Roberta ha scritto questa poesia il 18.3.98; il 29.4.98 è stata uccisa.
Era una quindicenne appassionata della vita, dell’arte, dallo sport alla pittura, con tanti amici; amava i suoi insieme alle nonne e zie anziane e ne era teneramente riamata, spandeva intorno a sè, a piene mani, vitalità e dolcezza: miniera d’amore e di comprensione dove tutti hanno scavato; credeva profondamente, con la fede di una bambina.
Difendeva la diversità delle persone e nei suoi progetti c’era l’impegno di una vita e di una professione nella difesa del diritto a non essere poveri.

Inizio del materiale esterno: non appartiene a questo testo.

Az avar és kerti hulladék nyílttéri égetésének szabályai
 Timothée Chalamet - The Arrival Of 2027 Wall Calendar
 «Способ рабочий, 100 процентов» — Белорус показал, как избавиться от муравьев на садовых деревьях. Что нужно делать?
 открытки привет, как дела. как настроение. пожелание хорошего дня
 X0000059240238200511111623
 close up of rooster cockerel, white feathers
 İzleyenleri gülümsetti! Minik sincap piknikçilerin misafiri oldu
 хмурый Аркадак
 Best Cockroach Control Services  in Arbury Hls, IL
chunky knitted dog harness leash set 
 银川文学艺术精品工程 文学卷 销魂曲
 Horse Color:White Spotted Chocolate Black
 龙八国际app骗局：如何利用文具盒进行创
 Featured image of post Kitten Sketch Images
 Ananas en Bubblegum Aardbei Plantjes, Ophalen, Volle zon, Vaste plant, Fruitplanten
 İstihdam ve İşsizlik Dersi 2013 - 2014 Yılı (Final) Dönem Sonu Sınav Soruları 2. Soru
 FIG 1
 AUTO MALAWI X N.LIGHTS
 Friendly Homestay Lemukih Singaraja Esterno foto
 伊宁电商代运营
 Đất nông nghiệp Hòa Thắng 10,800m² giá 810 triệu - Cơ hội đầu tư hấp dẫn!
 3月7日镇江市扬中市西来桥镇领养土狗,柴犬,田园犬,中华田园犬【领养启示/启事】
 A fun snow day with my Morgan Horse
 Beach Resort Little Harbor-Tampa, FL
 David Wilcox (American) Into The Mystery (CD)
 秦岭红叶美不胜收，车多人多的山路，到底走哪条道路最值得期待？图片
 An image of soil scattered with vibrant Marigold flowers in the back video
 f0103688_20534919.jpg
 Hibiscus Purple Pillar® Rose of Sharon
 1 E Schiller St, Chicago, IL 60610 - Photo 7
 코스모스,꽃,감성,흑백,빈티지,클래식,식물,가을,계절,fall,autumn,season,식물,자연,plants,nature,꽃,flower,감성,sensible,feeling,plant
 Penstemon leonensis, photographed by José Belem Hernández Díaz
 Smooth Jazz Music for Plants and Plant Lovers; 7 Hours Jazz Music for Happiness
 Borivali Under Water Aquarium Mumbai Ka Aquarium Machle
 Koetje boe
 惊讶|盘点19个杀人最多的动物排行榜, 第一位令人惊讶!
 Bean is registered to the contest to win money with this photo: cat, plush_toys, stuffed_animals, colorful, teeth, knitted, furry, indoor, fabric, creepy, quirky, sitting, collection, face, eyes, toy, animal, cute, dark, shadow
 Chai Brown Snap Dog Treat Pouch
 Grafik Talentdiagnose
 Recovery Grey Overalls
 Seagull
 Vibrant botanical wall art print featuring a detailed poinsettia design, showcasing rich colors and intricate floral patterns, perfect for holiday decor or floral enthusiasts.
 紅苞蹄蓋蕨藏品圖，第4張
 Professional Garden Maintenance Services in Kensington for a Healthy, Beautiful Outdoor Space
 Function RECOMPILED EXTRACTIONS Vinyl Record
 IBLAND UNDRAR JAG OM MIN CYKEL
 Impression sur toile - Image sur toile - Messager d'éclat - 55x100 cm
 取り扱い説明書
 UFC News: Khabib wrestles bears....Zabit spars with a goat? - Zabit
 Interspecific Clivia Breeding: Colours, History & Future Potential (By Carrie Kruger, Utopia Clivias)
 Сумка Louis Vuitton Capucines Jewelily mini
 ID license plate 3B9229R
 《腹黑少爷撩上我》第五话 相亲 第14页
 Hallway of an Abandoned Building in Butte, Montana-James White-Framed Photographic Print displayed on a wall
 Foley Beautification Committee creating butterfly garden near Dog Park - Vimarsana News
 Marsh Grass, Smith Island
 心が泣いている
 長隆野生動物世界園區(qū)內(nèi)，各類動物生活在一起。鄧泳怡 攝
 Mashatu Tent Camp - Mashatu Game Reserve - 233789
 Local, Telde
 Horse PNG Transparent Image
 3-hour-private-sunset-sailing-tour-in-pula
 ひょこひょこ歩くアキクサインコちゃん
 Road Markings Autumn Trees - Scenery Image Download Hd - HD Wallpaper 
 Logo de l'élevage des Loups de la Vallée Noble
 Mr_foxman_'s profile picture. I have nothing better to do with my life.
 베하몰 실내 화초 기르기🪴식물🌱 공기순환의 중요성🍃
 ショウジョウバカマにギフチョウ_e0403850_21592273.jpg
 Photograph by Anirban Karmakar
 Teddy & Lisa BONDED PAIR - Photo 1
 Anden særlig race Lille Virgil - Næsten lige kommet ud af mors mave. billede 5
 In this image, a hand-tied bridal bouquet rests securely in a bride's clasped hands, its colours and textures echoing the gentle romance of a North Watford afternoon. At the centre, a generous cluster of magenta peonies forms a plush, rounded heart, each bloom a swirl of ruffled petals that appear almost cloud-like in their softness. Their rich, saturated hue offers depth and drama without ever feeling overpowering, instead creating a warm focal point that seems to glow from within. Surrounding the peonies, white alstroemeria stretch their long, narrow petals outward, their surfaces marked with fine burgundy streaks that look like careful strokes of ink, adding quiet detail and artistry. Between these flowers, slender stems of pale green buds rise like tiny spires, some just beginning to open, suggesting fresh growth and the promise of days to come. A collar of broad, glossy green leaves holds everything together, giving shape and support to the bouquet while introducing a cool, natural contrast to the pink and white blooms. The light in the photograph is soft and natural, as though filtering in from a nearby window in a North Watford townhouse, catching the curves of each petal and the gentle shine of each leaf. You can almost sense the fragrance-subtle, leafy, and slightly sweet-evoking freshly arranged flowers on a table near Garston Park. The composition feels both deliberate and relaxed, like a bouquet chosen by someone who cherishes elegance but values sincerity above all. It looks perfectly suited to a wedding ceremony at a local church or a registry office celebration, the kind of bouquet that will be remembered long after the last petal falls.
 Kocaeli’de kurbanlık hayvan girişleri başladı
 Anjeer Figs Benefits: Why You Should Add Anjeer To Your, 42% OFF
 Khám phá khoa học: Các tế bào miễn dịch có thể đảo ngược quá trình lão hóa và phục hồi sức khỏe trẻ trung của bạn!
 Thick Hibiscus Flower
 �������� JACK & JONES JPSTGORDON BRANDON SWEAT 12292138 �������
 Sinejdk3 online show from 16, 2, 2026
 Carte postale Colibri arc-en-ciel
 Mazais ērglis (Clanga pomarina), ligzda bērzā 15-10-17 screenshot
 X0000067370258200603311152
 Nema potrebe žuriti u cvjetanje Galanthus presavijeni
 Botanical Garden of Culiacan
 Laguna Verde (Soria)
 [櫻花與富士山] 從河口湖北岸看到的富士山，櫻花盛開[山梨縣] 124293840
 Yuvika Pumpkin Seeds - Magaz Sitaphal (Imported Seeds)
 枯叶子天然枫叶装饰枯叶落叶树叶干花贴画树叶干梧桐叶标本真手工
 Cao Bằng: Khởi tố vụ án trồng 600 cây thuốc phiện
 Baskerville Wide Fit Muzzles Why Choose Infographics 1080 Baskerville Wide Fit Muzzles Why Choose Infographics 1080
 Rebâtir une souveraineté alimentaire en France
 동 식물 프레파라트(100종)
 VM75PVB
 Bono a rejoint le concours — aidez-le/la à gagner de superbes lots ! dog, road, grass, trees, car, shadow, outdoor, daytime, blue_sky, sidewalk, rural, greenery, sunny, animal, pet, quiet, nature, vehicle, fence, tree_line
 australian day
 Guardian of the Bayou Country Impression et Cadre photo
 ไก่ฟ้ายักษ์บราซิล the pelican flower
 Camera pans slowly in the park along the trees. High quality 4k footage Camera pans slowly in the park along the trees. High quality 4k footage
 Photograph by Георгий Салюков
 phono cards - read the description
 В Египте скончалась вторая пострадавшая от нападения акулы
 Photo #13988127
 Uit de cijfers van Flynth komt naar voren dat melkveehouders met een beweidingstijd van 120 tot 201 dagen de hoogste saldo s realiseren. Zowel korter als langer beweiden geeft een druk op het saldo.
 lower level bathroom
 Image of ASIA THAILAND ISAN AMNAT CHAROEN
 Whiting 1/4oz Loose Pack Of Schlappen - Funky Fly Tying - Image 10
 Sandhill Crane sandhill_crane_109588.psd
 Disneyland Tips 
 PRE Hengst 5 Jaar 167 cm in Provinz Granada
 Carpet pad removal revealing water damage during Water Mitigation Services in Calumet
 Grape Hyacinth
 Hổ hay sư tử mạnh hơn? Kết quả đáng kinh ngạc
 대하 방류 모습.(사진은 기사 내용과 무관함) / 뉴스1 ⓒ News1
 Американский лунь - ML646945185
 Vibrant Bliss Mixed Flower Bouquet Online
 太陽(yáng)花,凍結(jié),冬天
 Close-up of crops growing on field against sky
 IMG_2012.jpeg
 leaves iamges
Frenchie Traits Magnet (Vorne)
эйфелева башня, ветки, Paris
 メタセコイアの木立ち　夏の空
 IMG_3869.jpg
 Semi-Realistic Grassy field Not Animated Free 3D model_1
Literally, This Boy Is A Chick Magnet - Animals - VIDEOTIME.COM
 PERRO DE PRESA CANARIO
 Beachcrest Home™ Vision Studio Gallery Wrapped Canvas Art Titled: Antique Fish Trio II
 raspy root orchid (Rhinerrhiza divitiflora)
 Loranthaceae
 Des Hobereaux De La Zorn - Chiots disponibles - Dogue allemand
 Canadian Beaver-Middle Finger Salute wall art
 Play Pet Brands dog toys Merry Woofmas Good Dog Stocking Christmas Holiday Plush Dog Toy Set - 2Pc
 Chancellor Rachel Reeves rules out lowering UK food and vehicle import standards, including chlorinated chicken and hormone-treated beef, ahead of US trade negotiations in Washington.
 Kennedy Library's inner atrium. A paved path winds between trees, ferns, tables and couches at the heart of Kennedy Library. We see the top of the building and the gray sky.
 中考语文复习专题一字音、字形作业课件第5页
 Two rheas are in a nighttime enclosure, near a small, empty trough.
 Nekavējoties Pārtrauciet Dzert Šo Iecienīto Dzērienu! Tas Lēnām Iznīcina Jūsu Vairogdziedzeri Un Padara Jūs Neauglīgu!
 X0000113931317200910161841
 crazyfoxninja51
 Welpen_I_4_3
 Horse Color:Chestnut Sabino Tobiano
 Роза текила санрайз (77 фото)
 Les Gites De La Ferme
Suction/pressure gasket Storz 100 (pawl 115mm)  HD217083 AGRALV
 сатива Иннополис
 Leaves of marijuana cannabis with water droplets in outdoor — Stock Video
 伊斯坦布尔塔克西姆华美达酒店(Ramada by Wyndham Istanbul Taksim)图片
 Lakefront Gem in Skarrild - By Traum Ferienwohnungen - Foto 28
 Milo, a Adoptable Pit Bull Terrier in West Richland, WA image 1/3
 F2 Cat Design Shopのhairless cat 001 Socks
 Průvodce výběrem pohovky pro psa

Quel bel pomeriggio di primavera era sul suo motorino a pochi metri da casa, col suo casco ed attenta a rispettare le regole stradali per non far male ad altri, quando un uomo, muovendo d’improvviso l’auto per una inversione di marcia, l’ha colpita.
L’urto l’ha sbalzata sul cofano, l’uomo a quel punto ha accelerato mentre Roberta scivolava piano davanti, l’ha schiacciata contro il palo della luce, le ha spento il motore addosso, non è sceso dalla macchina per ben cinque-dieci minuti, impedendo i soccorsi, uccidendola. Quell’uomo con quell’accelerata ha cancellato Roberta dal mondo con i suoi progetti, le nostre aspettative di dolce vecchiaia ed i nostri più cari affetti.
Roberta è stata meritatamente promossa in prima liceo “alla memoria”; ma alla famiglia (*) distrutta dal dolore l’uomo non ha chiesto perdono e la società non ha dato finora giustizia.
La fredda indifferenza per le altre persone, che lei da adulta avrebbe voluto combattere e che ha messo in luce nella sua poesia, è la stessa che l’ha uccisa e continua, senza pentimento e senza punizione, ad uccidere altri figli.